Surrey County Council’s budget and council tax is a matter for the council. Surrey’s elected councillors voted through their 2017/18 budget on Tuesday 7 February, based on the draft Local Government Finance Settlement. Surrey County Council have been clear that their Budget decision (setting a level of council tax which is not above the referendum threshold) was theirs alone.
As part of the statutory draft Local Government Finance Settlement consultation, the Department for Communities and Local Government discusses local government funding with councils across the country, of all types and all political colours. This happens every year, and necessarily involves councils making direct representations to the Government.
DCLG will publish the final settlement later this month, and the House of Commons will then vote on it. This is entirely transparent, and detailed funding figures for every council are published as part of that process.
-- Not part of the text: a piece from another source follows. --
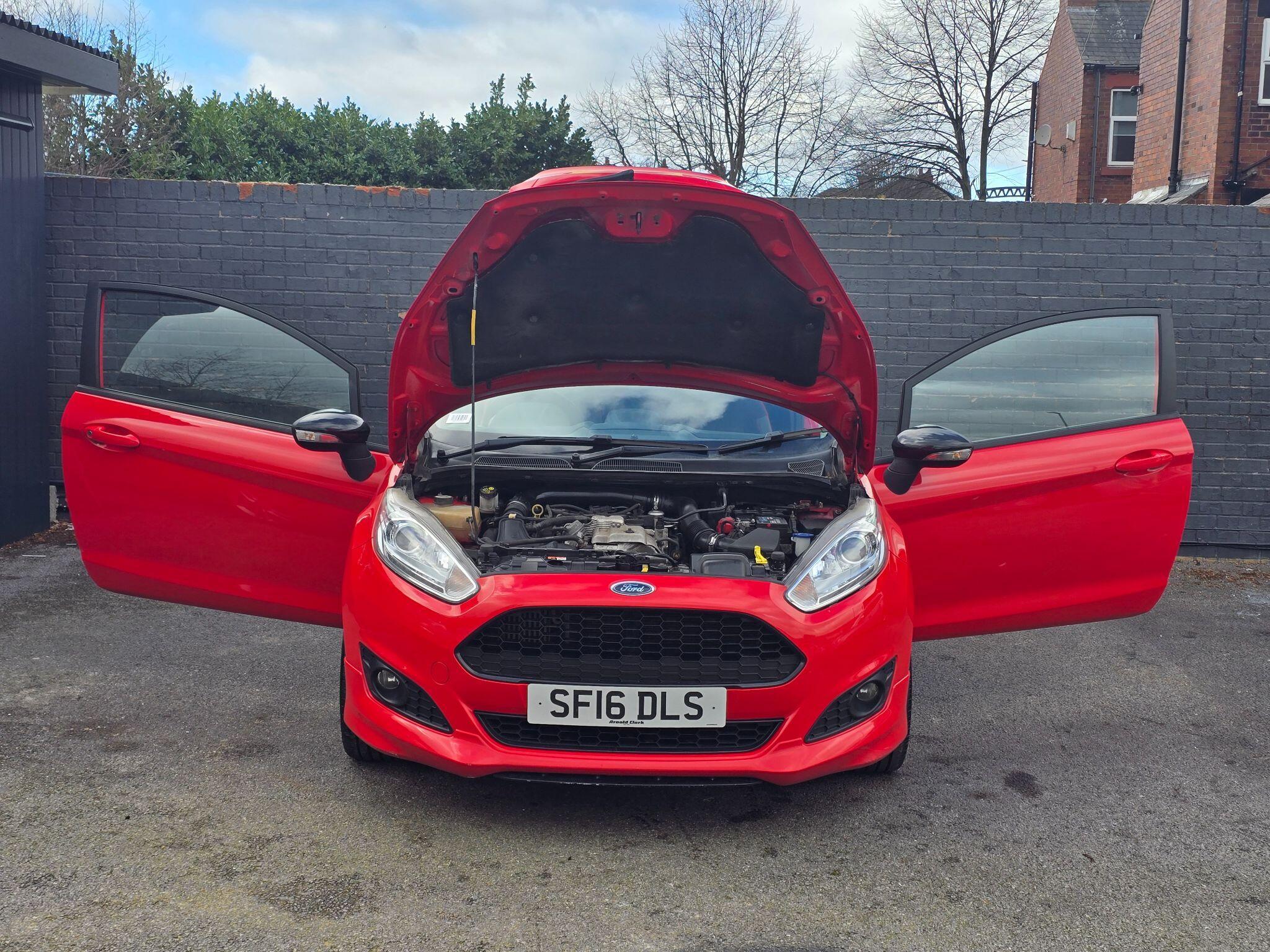 Ford Fiesta - Image 23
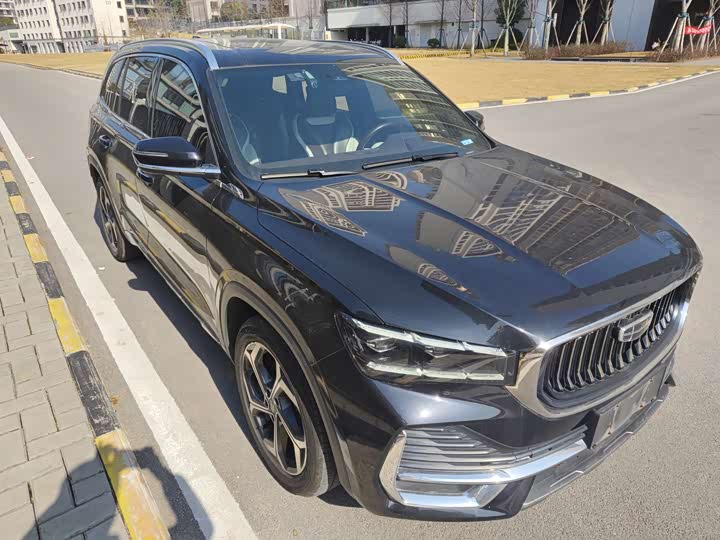 Фото 3 - Geely Monjaro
Whilst the final settlement has yet to be approved, the Government is not proposing extra funding to Surrey County Council that is not otherwise provided or offered to other councils generally. There is no ‘Memorandum of Understanding’ between Government and Surrey County Council. In the draft Settlement published in December, Surrey’s core spending power is forecast to rise by 1.4 per cent from 2015/16 to 2019/20. We believe this provides a sustainable base on which the council can plan ahead and allocate their £1.7 billion a year budget.
We are, however, conscious of the medium and long-term pressures that all councils face from a growing and aging population. The Government is therefore delivering broader reforms to local government finance – through bespoke Devolution Deals, the integration of health and social care, a Fairer Funding Review, medium and longer-term reforms to support adult social care, and the move, from 2019/20, to 100 per cent business rates retention across the country. All these reforms have been discussed in recent weeks with Surrey and other councils from across the country as part of the Local Government Finance Settlement process.
The Local Government Finance Bill, that Parliament is at present considering, will legislate to deliver the reforms to business rates. A number of pilots are already taking place from April 2017 in combined authorities and unitary councils across the country. These will take place in Liverpool, Greater Manchester, West Midlands, West of England, Cornwall and Greater London. The Government plans to undertake further pilots in 2018/19, in areas without a devolution deal, including two-tier council areas. The nationwide rollout will then take place across England in 2019/20.
Surrey County Council informed the Government that they wished to become a pilot area. The Secretary of State for Communities and Local Government told them that this was not possible for 2017/18, but said that, subject to due process and meeting the necessary criteria, they could participate in the 2018/19 pilot. All other councils will be free to apply to participate in these pilots, and the Government invites them to do so. The Department for Communities and Local Government has already held discussions about the 2018/19 pilots with several councils and it will be publishing more information shortly.
The Government’s wider reforms to local government funding will make councils less dependent on money from Whitehall, ensuring all councils have strong incentives to support local jobs and local firms, and directly benefit from the proceeds of a growing economy.